What you have to do →
Retype the following records exactly and exclude the pictures.

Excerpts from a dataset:
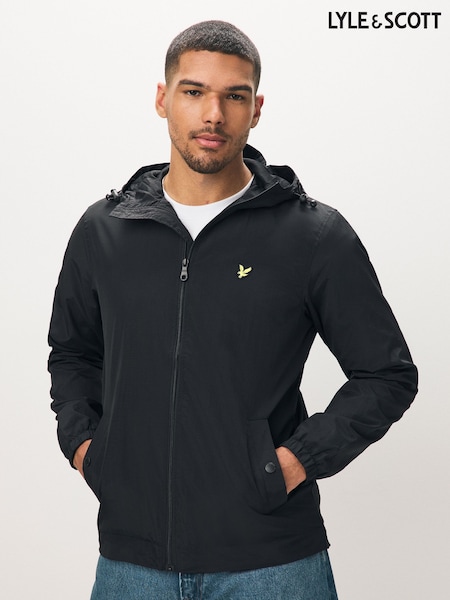 Lyle & Scott Black Zip Through Hooded Jacket (AG4808) | ₪453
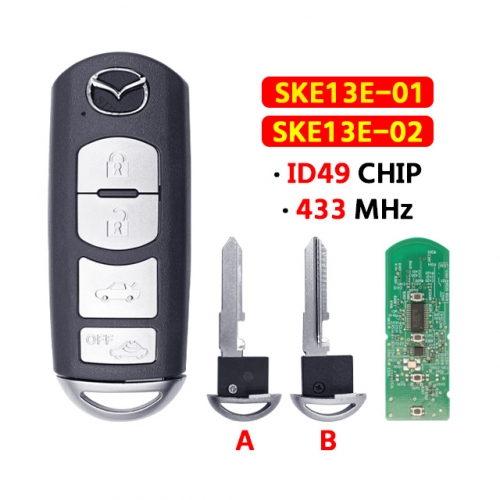 4Button Smart Remote Car Key Fob 433MHz 49 Chip SKE13E-01 SkE13E02 for Mazda (Mitsubishi System) 3 MX-5 CX-3 CX-5 CX-7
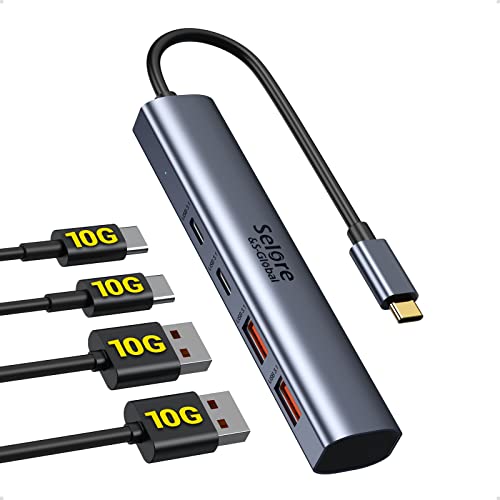 USB C Hub 4 in 1 Adapter USB C 3.1, 2 USB A 3.1, 2 USB C 3.1 Datenübertragung 10 Gbit/s kompatibel mit MacBook Pro/Air, Dell, Lenovo, Thinkpad, Huawei MateBook, Tablet, USB C Handys usw von Selore&S-Global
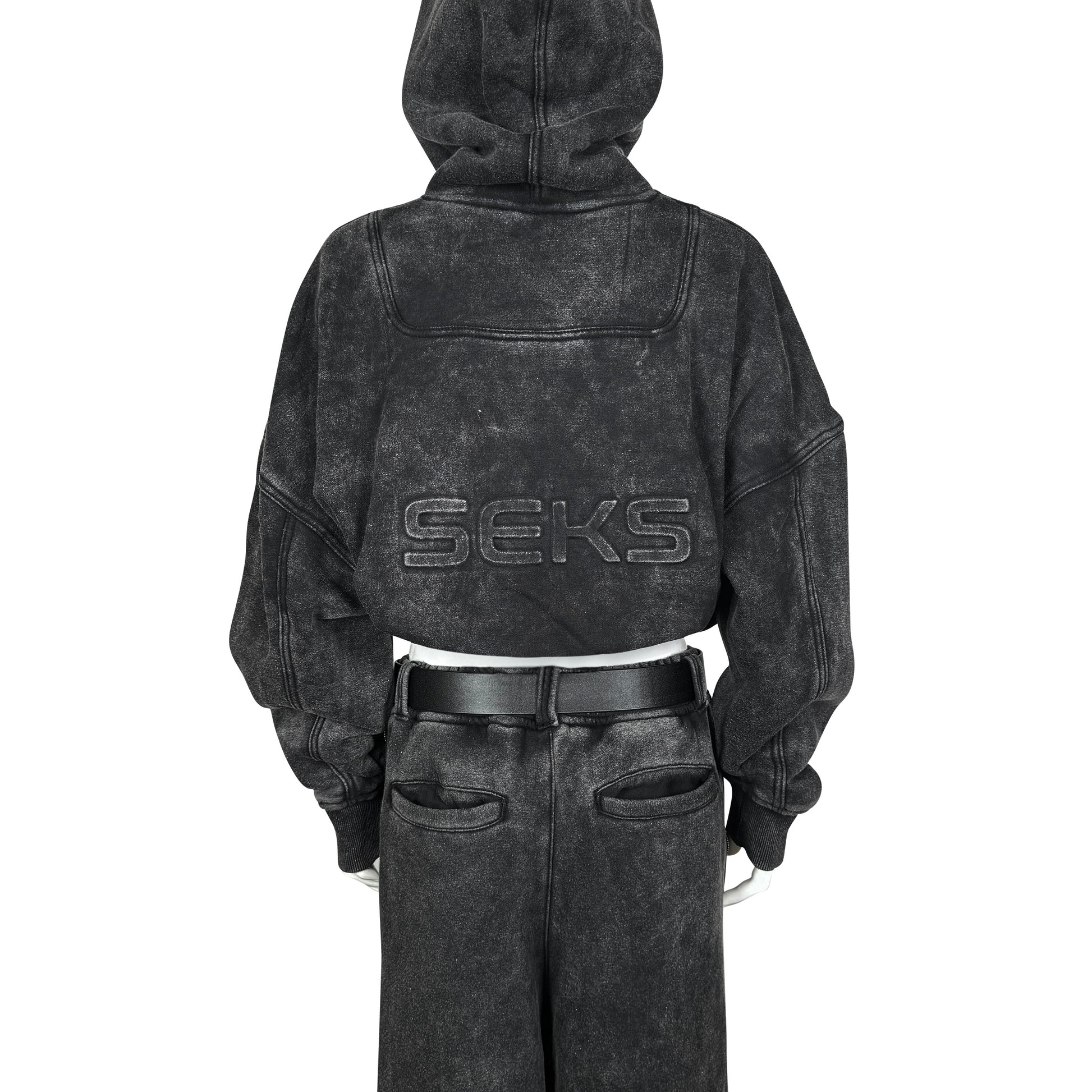 SEKS Suit Washed Sweater Embossed Text Logo Cropped Hoodie Back Close Detail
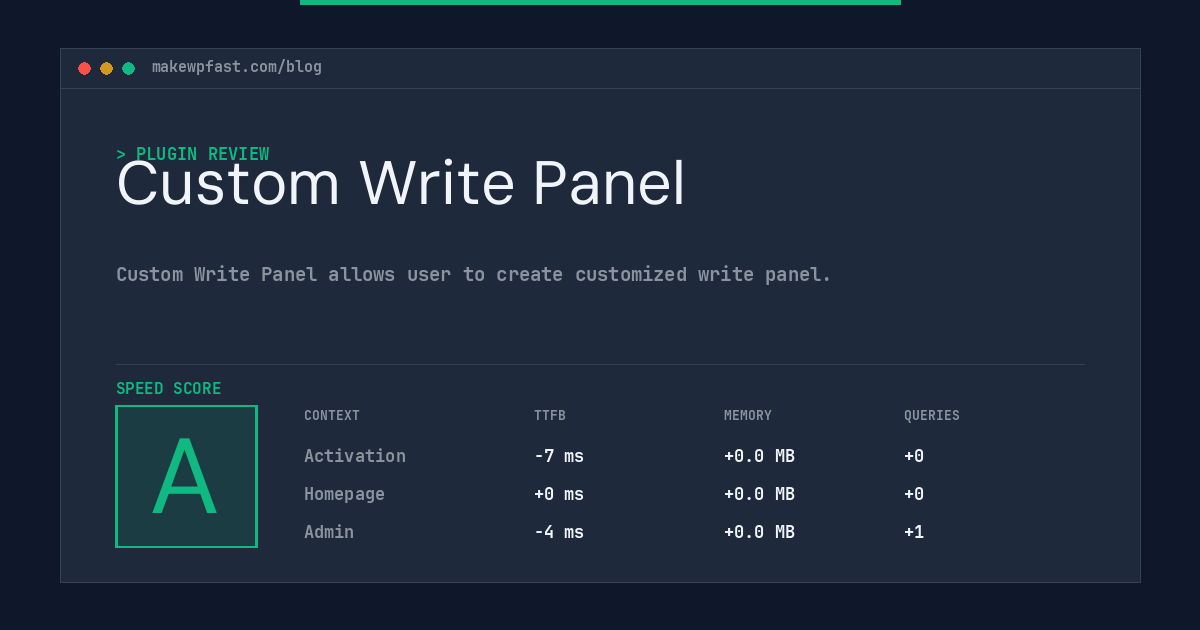 Custom Write Panel - MakeWPFast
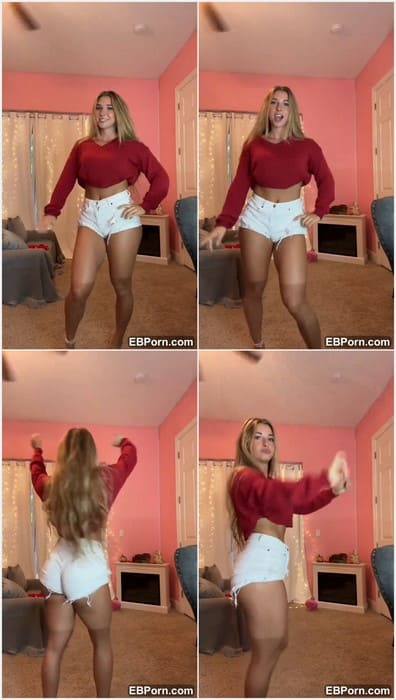 Allie Brink onlyfans leak video with hot dancing without her panties and showing massive fitness legs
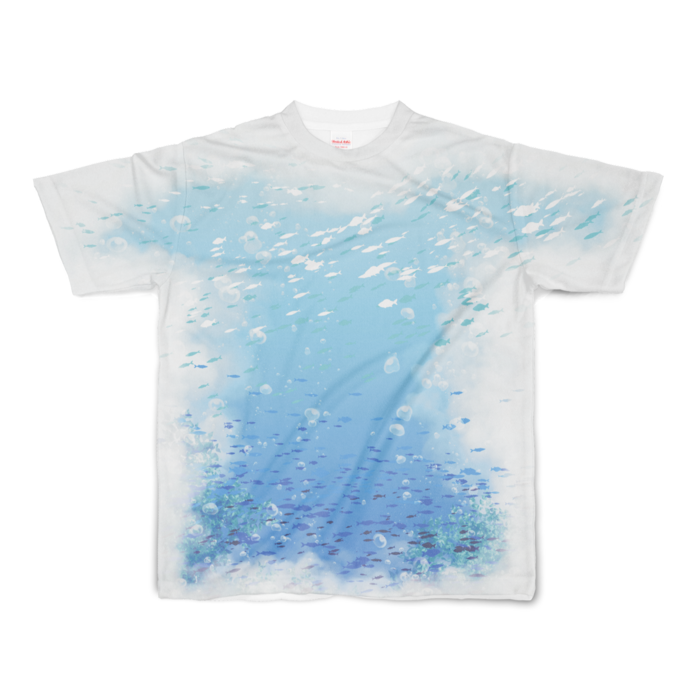 空色の海フルグラフィックTシャツ - S - 正面印刷のみ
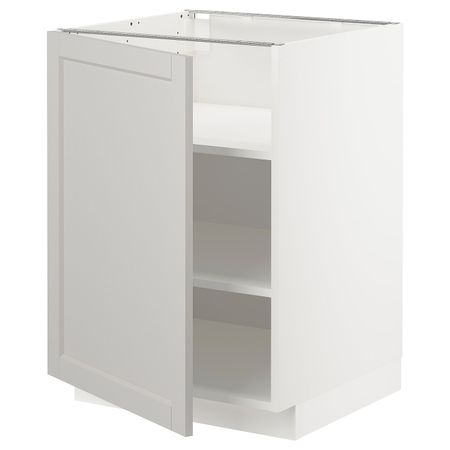 Напольный шкаф с полками, белый/Лерхюттан светло-серый 60x60 см IKEA METOD МЕТОД 892.730.54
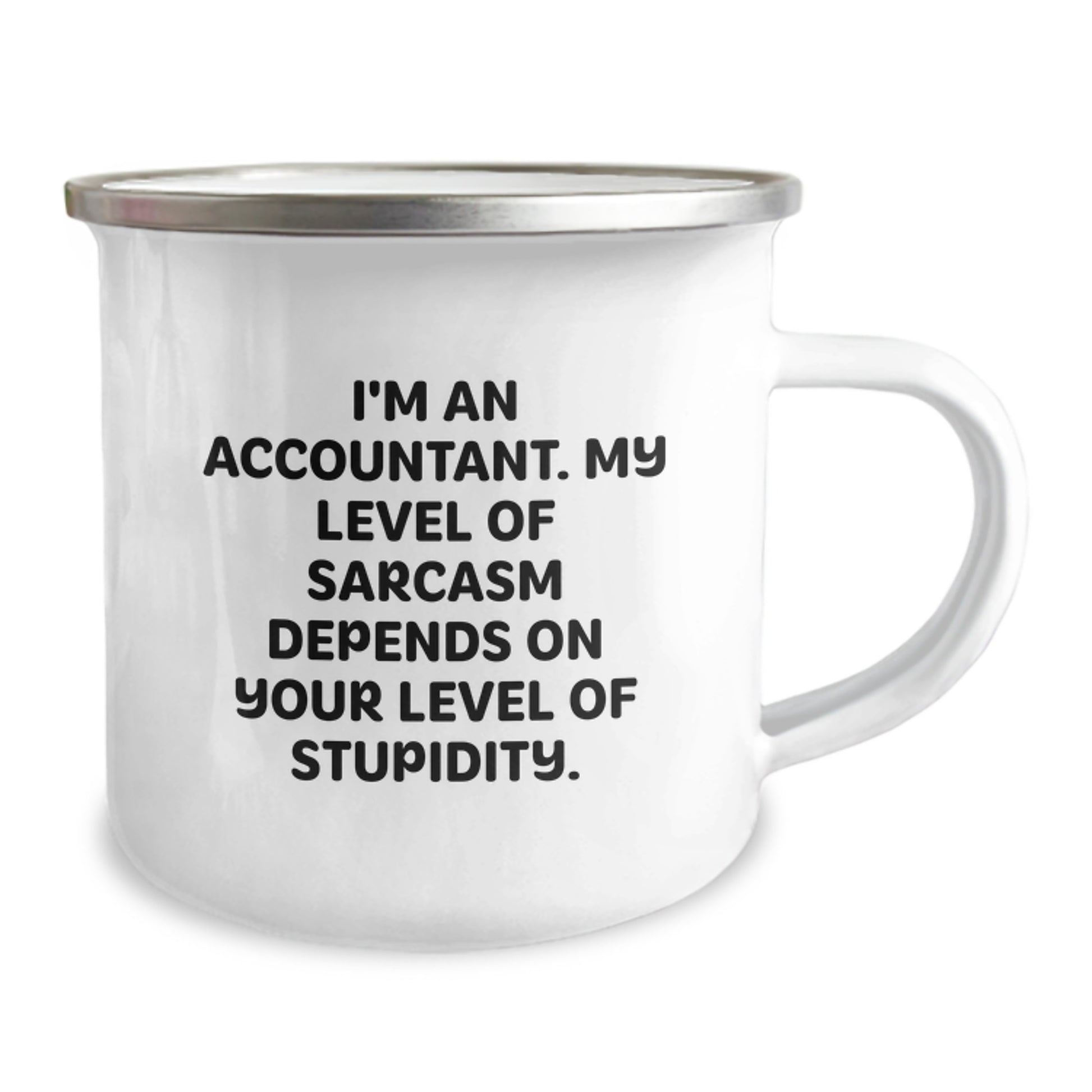 Funny Accountant Gifts from Friends for Him, 'Sarcasm Level' Stainless Steel Camping Mug, Birthday Unique Gifts - Image 2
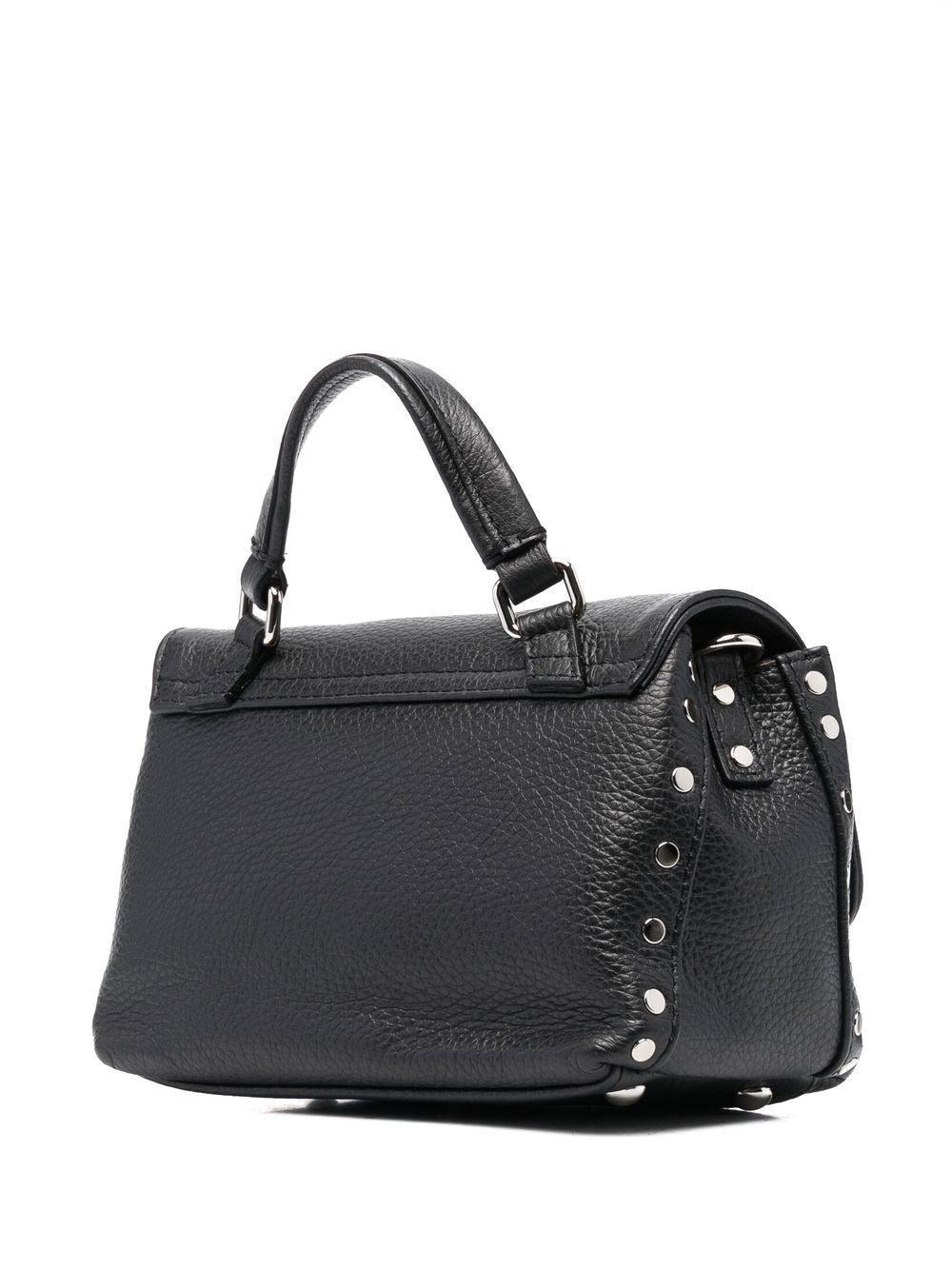 ZANELLATO Mini Leather Handbag with Foldover Top and Twist-Lock Closure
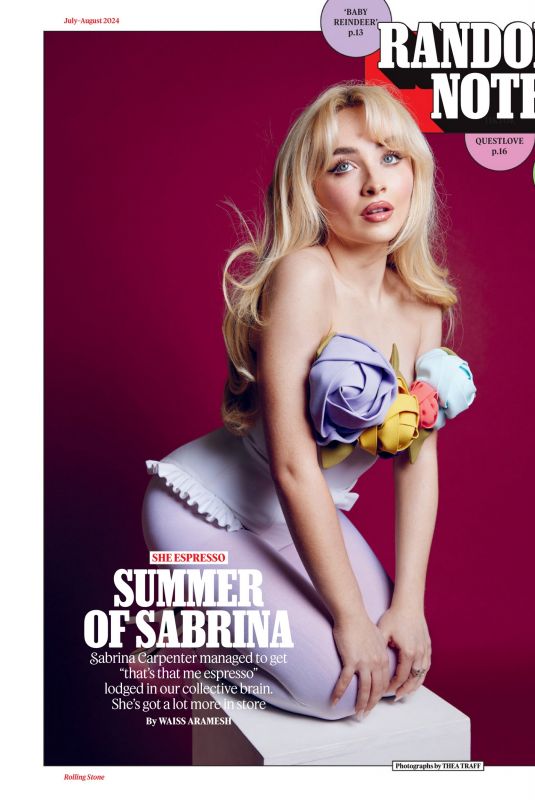 SABRINA CARPENTER in Rolling Stone, June-August 2024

Answer box →
 Lyle & Scott Black Zip Through Hooded Jacket (AG4808) | ₪453
 4Button Smart Remote Car Key Fob 433MHz 49 Chip SKE13E-01 SkE13E02 for Mazda (Mitsubishi System) 3 MX-5 CX-3 CX-5 CX-7
 USB C Hub 4 in 1 Adapter USB C 3.1, 2 USB A 3.1, 2 USB C 3.1 Datenübertragung 10 Gbit/s kompatibel mit MacBook Pro/Air, Dell, Lenovo, Thinkpad, Huawei MateBook, Tablet, USB C Handys usw von Selore&S-Global
 SEKS Suit Washed Sweater Embossed Text Logo Cropped Hoodie Back Close Detail
 Custom Write Panel - MakeWPFast
 Allie Brink onlyfans leak video with hot dancing without her panties and showing massive fitness legs
 空色の海フルグラフィックTシャツ - S - 正面印刷のみ
 Напольный шкаф с полками, белый/Лерхюттан светло-серый 60x60 см IKEA METOD МЕТОД 892.730.54
 Funny Accountant Gifts from Friends for Him, 'Sarcasm Level' Stainless Steel Camping Mug, Birthday Unique Gifts - Image 2
 ZANELLATO Mini Leather Handbag with Foldover Top and Twist-Lock Closure
 SABRINA CARPENTER in Rolling Stone, June-August 2024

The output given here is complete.